Based on the genome comparison of Coker 312 vs Coker 312 W and CCRI12 vs CCRI12W, 1179465 and 1551376 differential SNPs were identified, respectively. All annotations of these SNPs are shown in Supplementary Fig. S1. In total, 27120 and 31737 differential SNPs existed in the exonic region, including synonymous, non-synonymous, stop gain, and stop loss SNPs in the two pairs of NILs, which might have an impact on the function or expression of their corresponding genes. However, most SNPs were located in the intergenic region.
A total of 136269 and 159682 differential Indels were also identified in the two pairs of NILs, i.e., Coker 312 vs Coker 312 W and CCRI12 vs CCRI12W, respectively. The annotation results of these Indels are also presented in Supplementary Fig. S1. There were 987 and 1297 differential Indels located in the exonic region, and the intergenic region Indels contributed the most as SNPs. Altogether, the distribution of SNPs and Indels with each pair of NILs on 26 chromosomes was shown in Supplementary Dataset 3.
SVs and CNVs
SVs, such as insertions, deletions, inversions, intra-chromosomal translocations and inter-chromosomal translocations were detected and annotated by CREST33. CNVs, including deletions and duplications, were detected and annotated by CNVnator34.
A total of 3963, 3771, 4208 and 4026 SVs were identified in the Coker 312, Coker 312 W, CCRI12 and CCRI12W genomes, respectively. According to the annotation results presented in Supplementary Dataset 2, 237, 194, 244 and 203 SVs were located in the exonic regions of the four genomes. According to the statistical summary of all SVs, more than 55% of the total SVs had a length ranging from 250 to 300 bp (Fig. 3).

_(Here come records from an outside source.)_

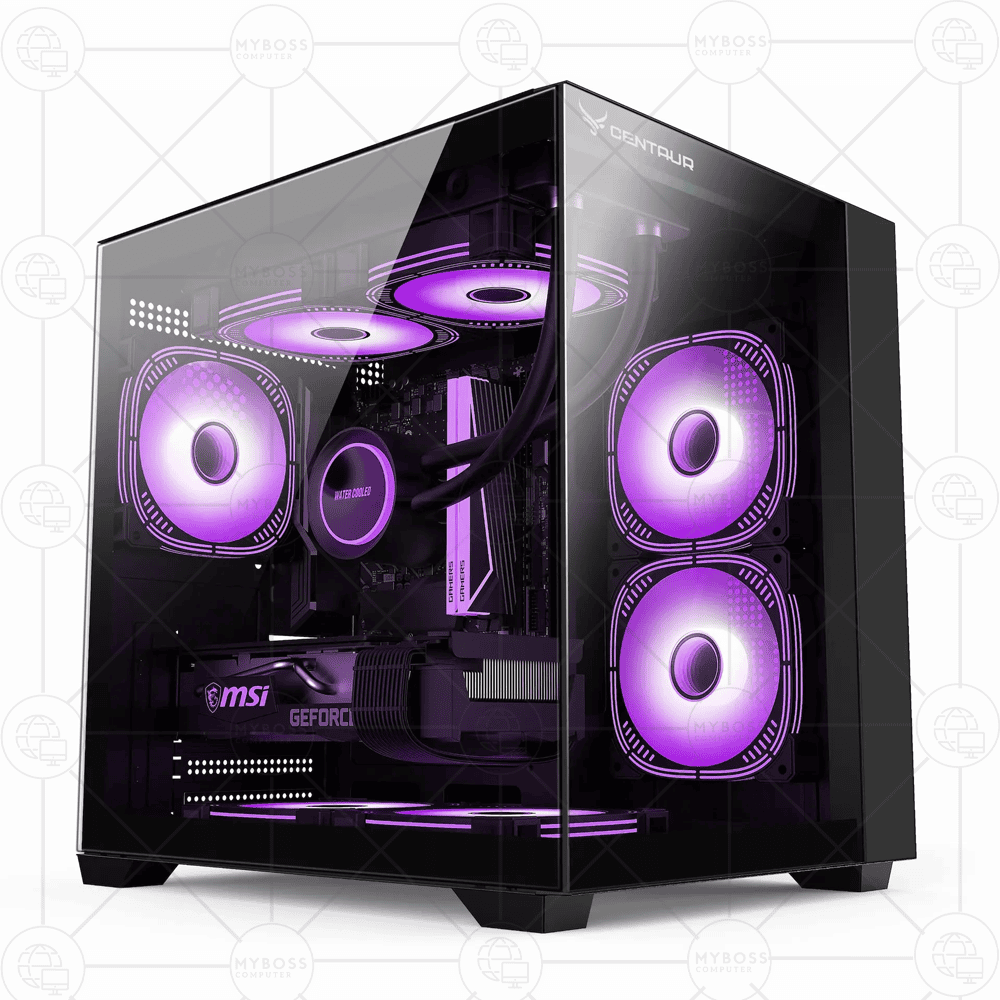 Vỏ Case Centaur NEX-02 Vertex - Black (No Fan)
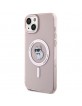 Karl Lagerfeld iPhone 15 Plus Hülle Case Cover Choupette Magsafe Rosa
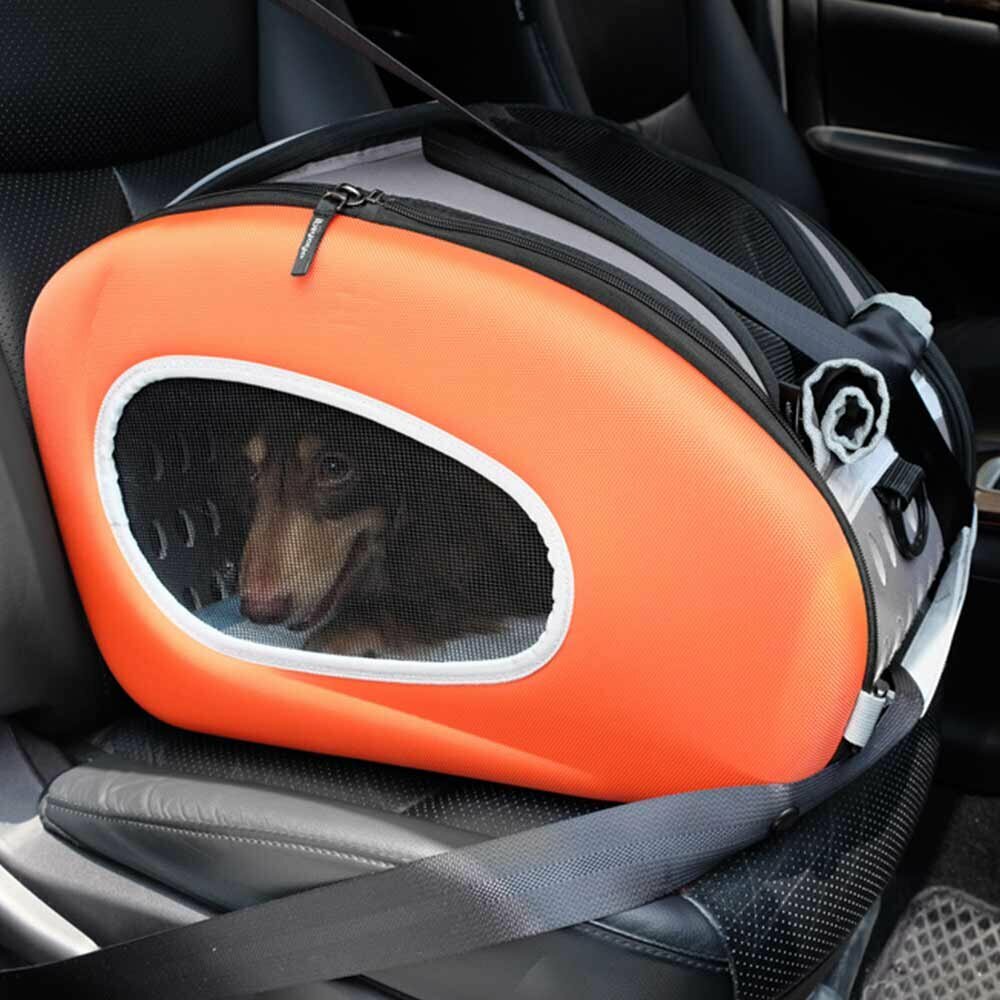 Transportni boks - oranžni, multifunkcijski voziček za pse 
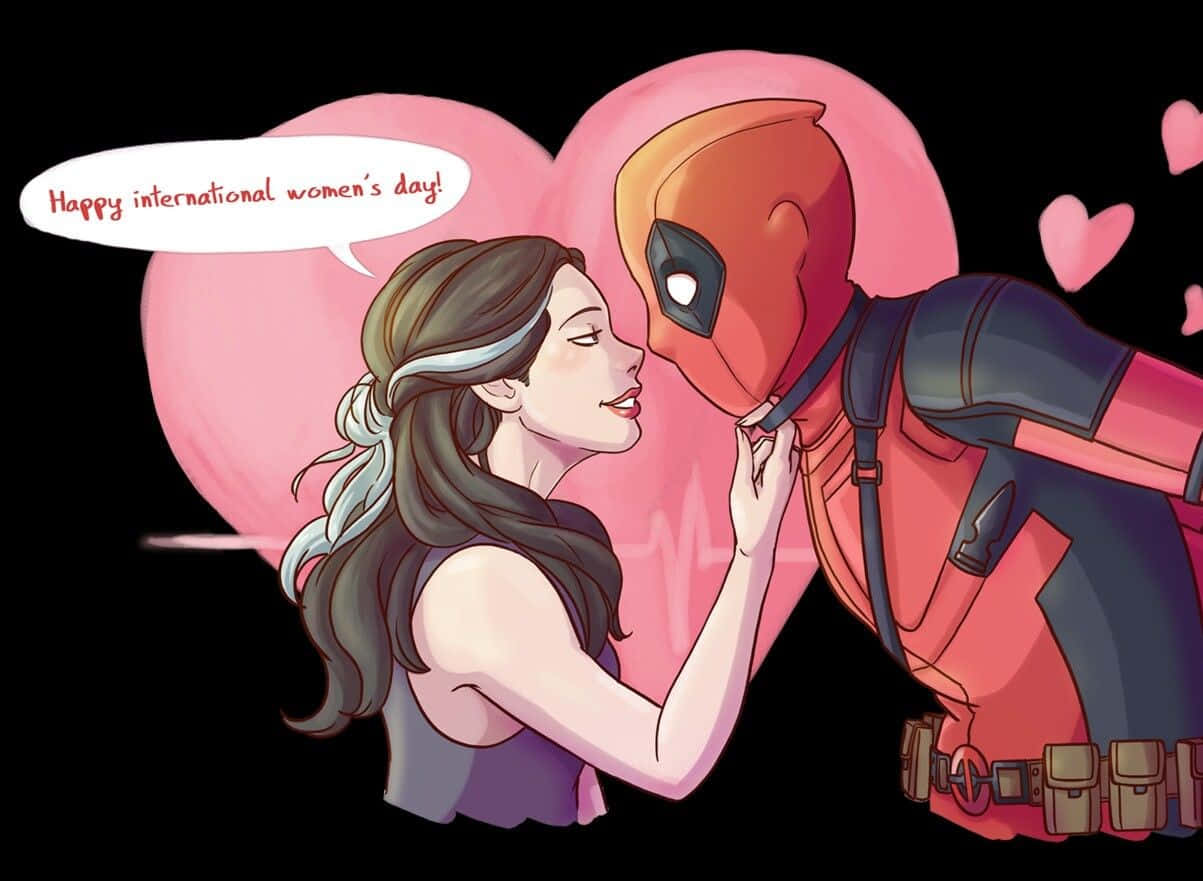 Love Beyond The Ordinary - Deadpool And Vanessa Wallpaper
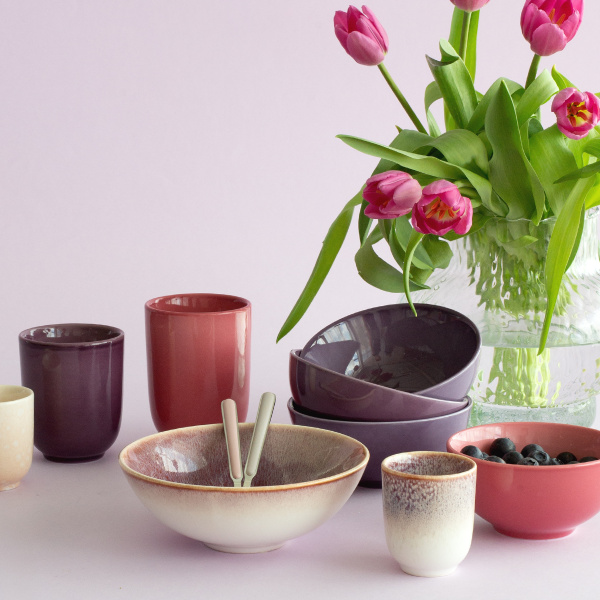 Bol ø 12,5 cm | Gaya Solatelier Aubergine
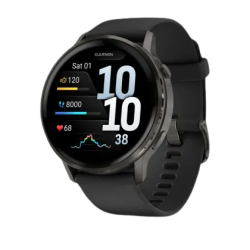 Garmin Venu 4 45mm Slate with Black Silicone Band (Уцінка)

A total of 36388, 34765, 46741 and 35976 CNVs were identified in the Coker 312, Coker 312 W, CCRI12 and CCRI12W genomes, respectively. In the recessive glandless NILs Coker 312 and Coker 312 W, there were 10054 and 10124 duplications with a total length of 137651200 and 162075400 bp, and 24641 and 26334 deletions with a total length of 358803300 and 349895000 bp, respectively. According to the annotation results shown in Supplementary Dataset 2, 6257 and 5656 CNVs were located in the exonic regions of Coker 312 and Coker 312 W, respectively. In the dominant glandless NILs CCRI12 and CCRI12W, there were 20843 and 9584 duplications with total lengths of 524737500 and 157062300 bp, and 25898 and 26392 deletions with total lengths of 424258300 and 361656500 bp, respectively. According to the annotation results shown in Supplementary Dataset 2, 10461 and 5587 CNVs were located in the exonic regions of CCRI12 and CCRI12W. The distribution of the CNVs is presented in Fig. 3. Circos plot of all variations in the genomes was displayed in Fig. 4, respectively.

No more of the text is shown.